● **WORK ITEM**
Leave out the pictures and set down exactly the lines from the start of the listing through the one with "Vaso cilindrico floreale", both included.

● **INPUT**
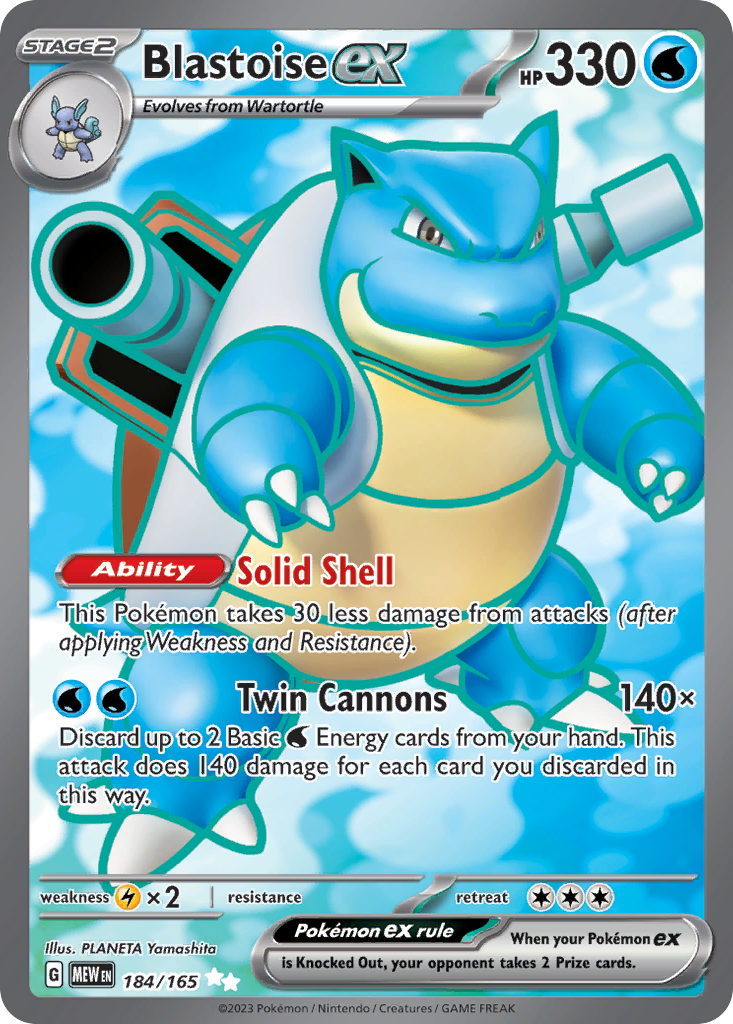 Blastoise ex - 184/207 - EN Blastoise ex - 184/207 - EN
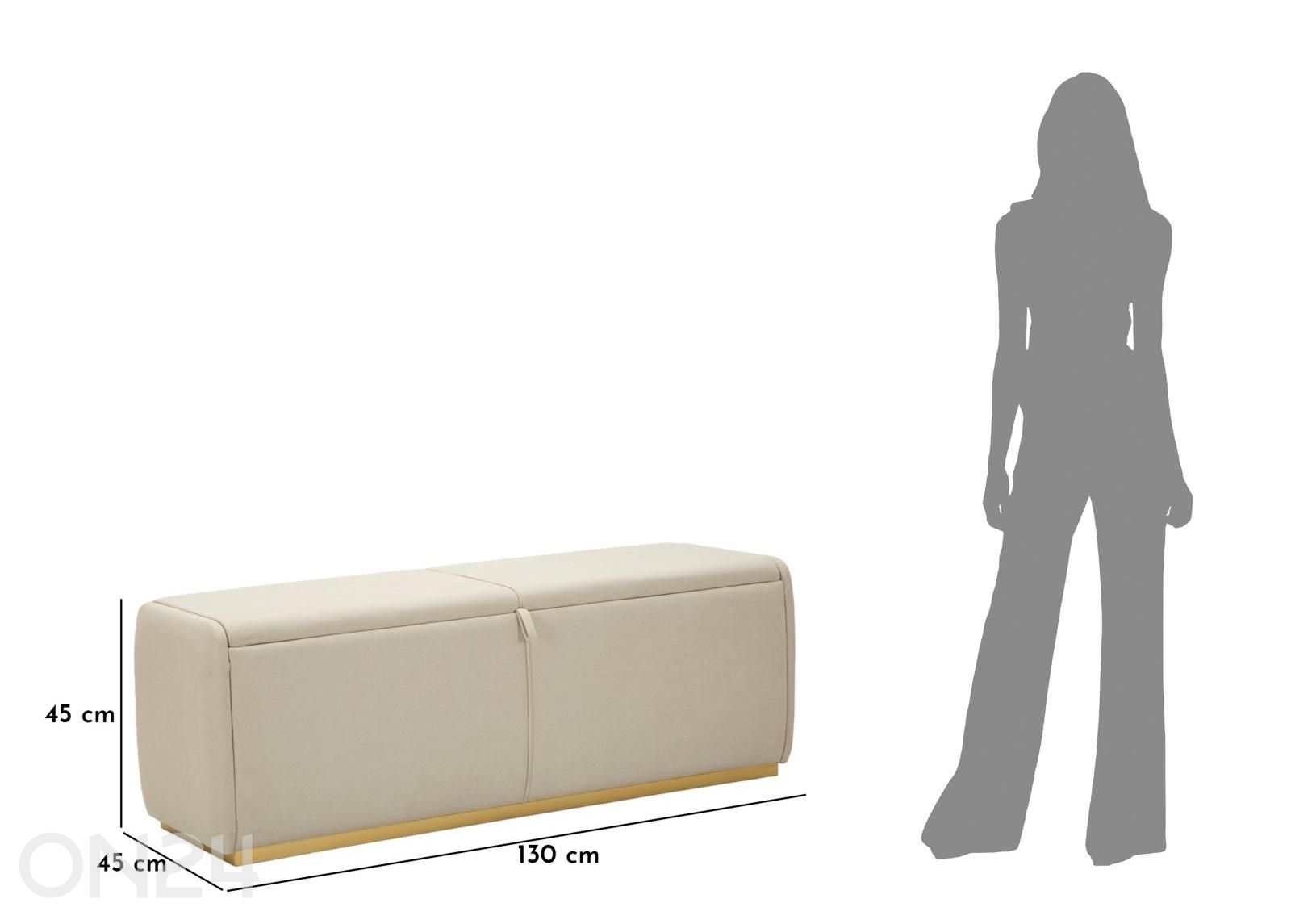 Panipaigaga tumba 130 cm, kreemjas suurendatud mõõdud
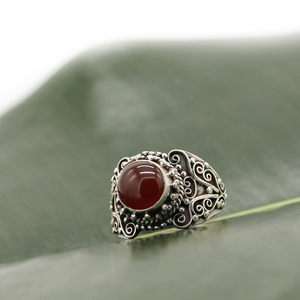 Handcrafted sterling silver ring with natural gemstone red onyx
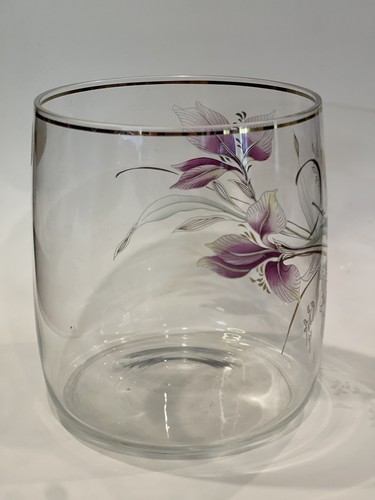 Vaso cilindrico floreale oro bohemia cristallox cristallino Cecoslovacchia 5,5 pollici - Foto 7 di 8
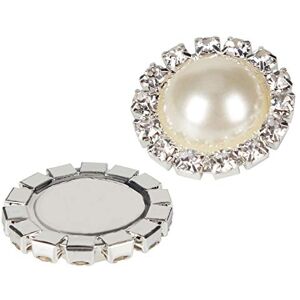 ALEXCRAFT Wholesale 20 PCS Retro Vintage Round Crystal Ivory Faux Pearl Rhinestone Buttons Bulk,18MM (Flatback) ALEXCRAFT Wholesale 20 PCS Retro Vintage Round Crystal Ivory Faux Pearl Rhinestone Buttons Bulk,18MM (Flatback)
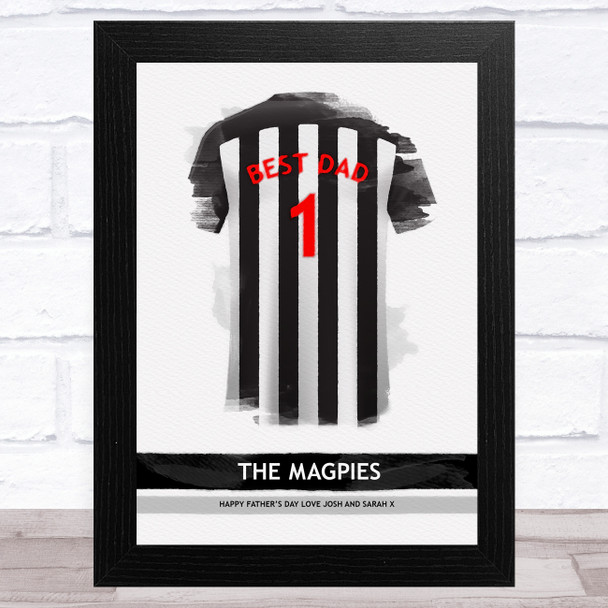 Newcastle United Football Shirt Best Dad Personalized Father's Day Gift Print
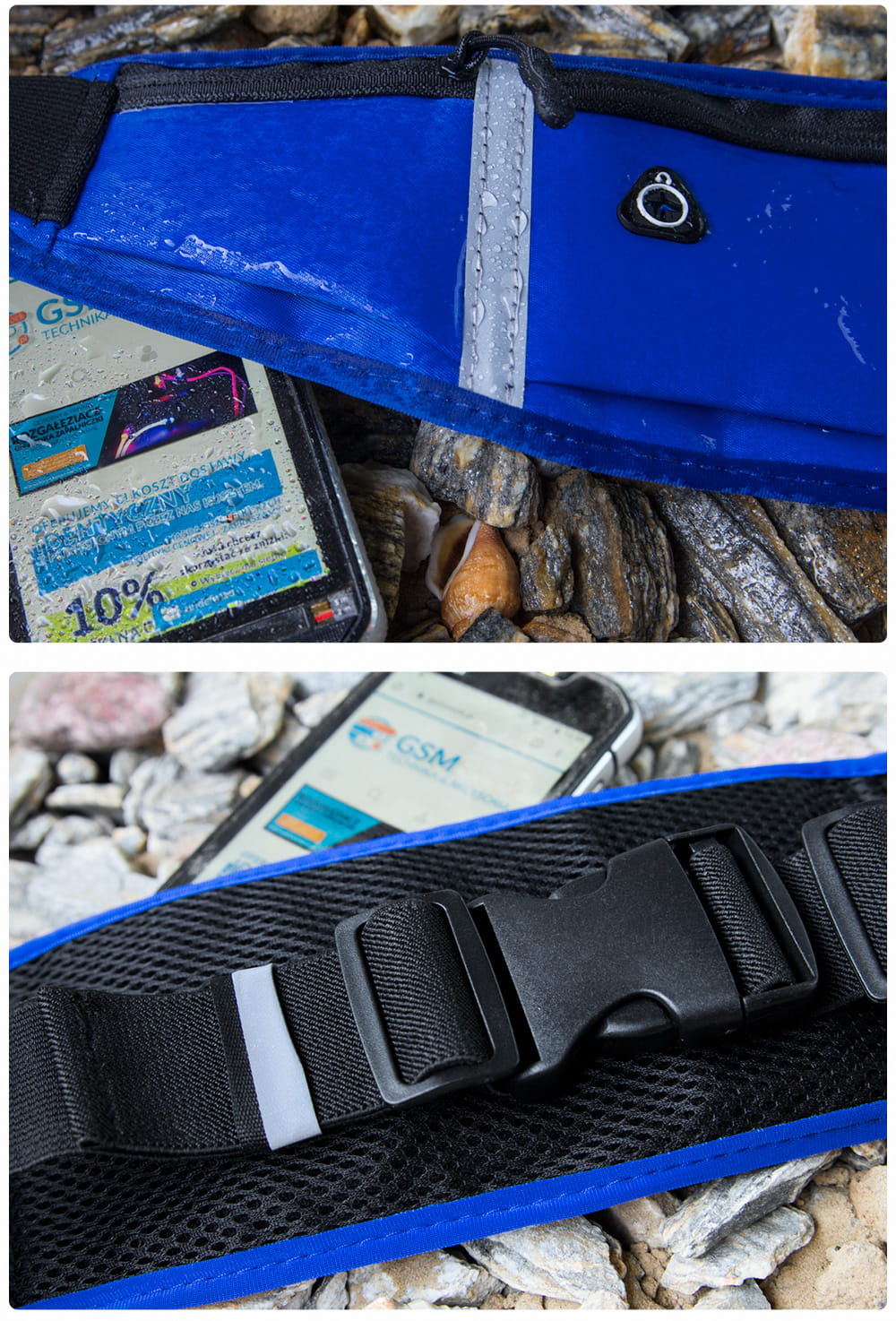 Granatowa NERKA ( biodrówka na pas ) z nadrukiem + opaski odblaskowe - model DX AQUATICS 7F - obrazek 8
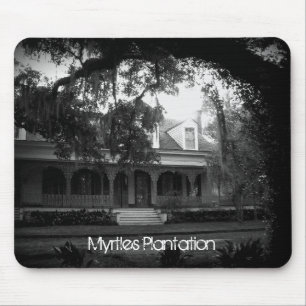 Myrtles Plantation in Schwarzweiß Mousepad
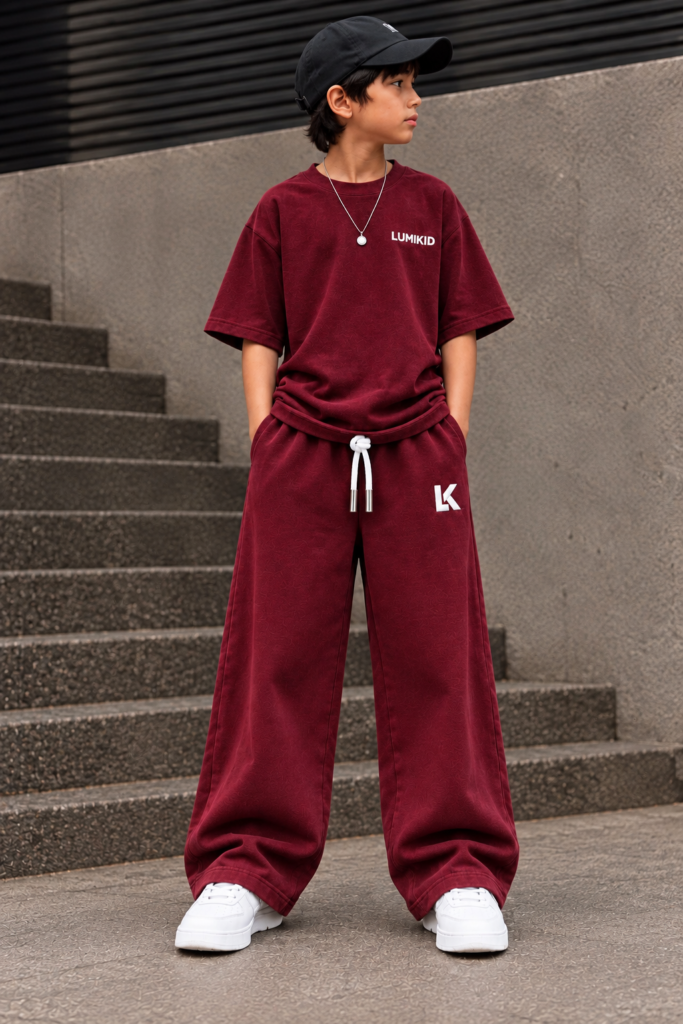 Kid wearing a wine oversized streetwear tank top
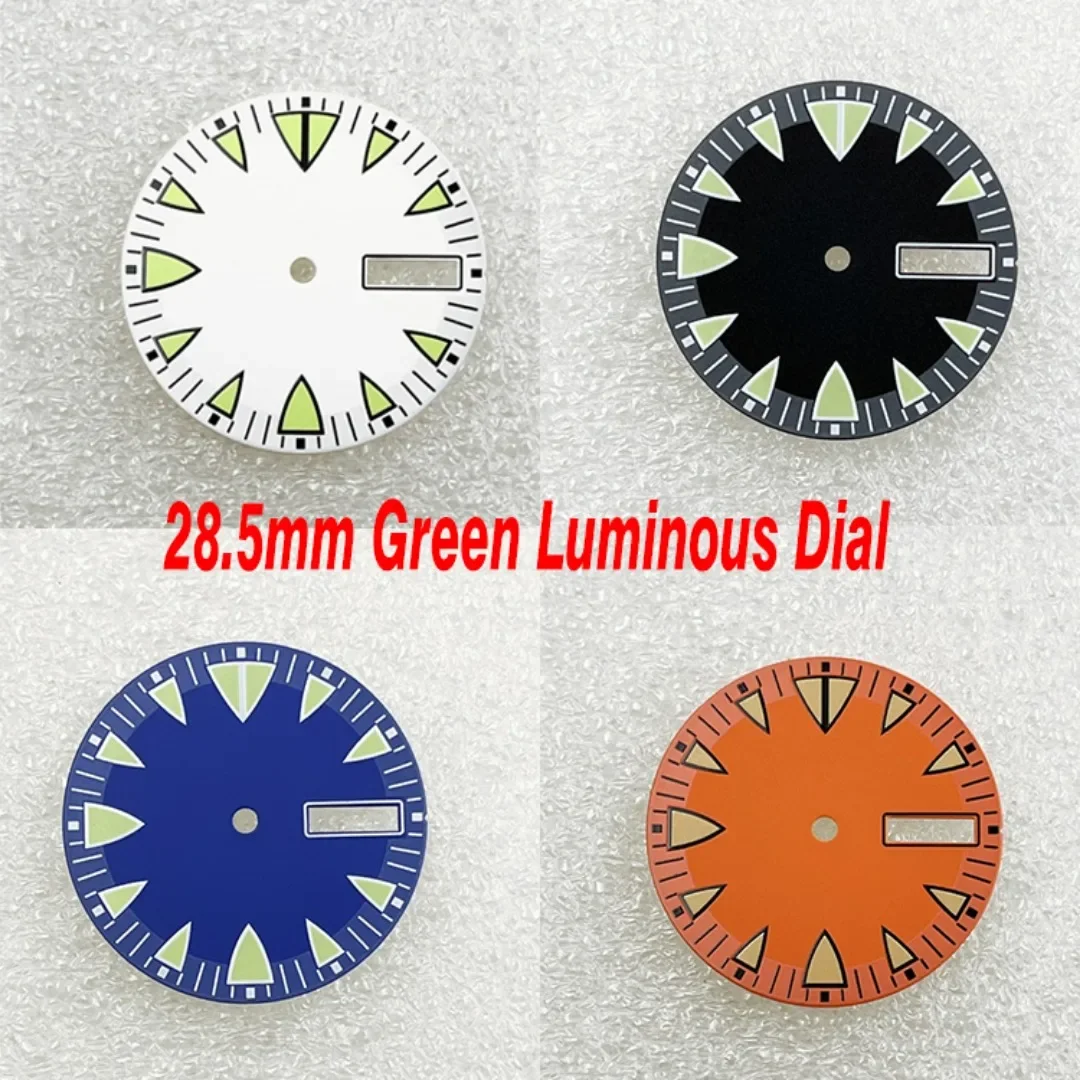 28.5mm NH36 Watch Dial Triangular Scale Dial Green Luminous Mechanical Watch Face for NH36A Dive Watch Conversion Parts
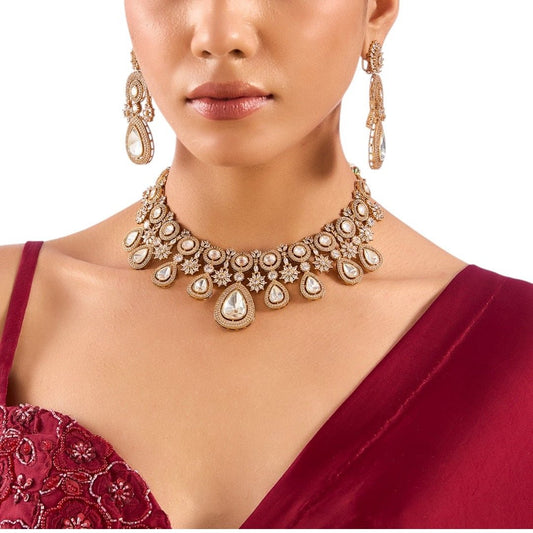 Gold Finish Kundan Polki Choker Necklace Set – Traditional Indian Jewelry for Weddings & Festivals - Auraa Trends - Necklace -  - Auraa Trends - Gold Finish Kundan Polki Choker Necklace Set – Traditional Indian Jewelry for Weddings & Festivals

● **THE ANSWER**
 Blastoise ex - 184/207 - EN Blastoise ex - 184/207 - EN
 Panipaigaga tumba 130 cm, kreemjas suurendatud mõõdud
 Handcrafted sterling silver ring with natural gemstone red onyx
 Vaso cilindrico floreale oro bohemia cristallox cristallino Cecoslovacchia 5,5 pollici - Foto 7 di 8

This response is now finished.